# How much should a puppy sleep



## osurn67

I adopted a Eskimo Spitz/Collie mix who is now 3m old. I am wondering what the average amount a puppy sleeps in a 24 hour time period. We get up about 7am and I walk her she plays for a few hours then sleeps about 2 or 3 hours in the early afternoon she is up from approx 5p until we got to bed between 10 and 11. I also take her out every 4 hours during the night to potty (she sleeps in a crate by our bed during the night. She may take a few short naps in the day but always takes a long nap in the early afternoon. She usually gets a long walk in the AM and the evening. Thanks in advance for the info.
Kim
Annie 3m


----------



## TooneyDogs

Dogs 'need' an average of 10.8 hours of sleep a day but will usually sleep 16-18 hours out of 24. That of course varies slightly day to day.


----------



## Poly

osurn67 - your dog is doing fine. I would not worry. Puppies do tend to sleep more than adults so there's nothing unusual about her schedule. 

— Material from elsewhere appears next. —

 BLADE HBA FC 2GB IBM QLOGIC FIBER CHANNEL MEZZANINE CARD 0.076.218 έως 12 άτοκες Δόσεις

One suggestion - if you take her out more often during the day and withhold food and water after 7:30 PM or thereabouts, and then take her out again just before turning in for the night, she should start to stay all night without the need to take go out again until the next morning. Maybe not every night, but more and more. If you start that now, by about 4 months old she should have it down pat.


----------



## poodleaddict

Wow your puppy sleeps less than mine! We have a 3 month old who we have to drag out of his crate in the morning to go potty than he wants to come back inside and go back to sleep more! He wants to sleep ALL day and will get a few spurts of rambunctiousness here and there through the late afternoon and early evening. He's not sick has a clean bill of health from the vets he's just lazy.

My vet said puppies, like human babies, need a lot more sleep than adults.


----------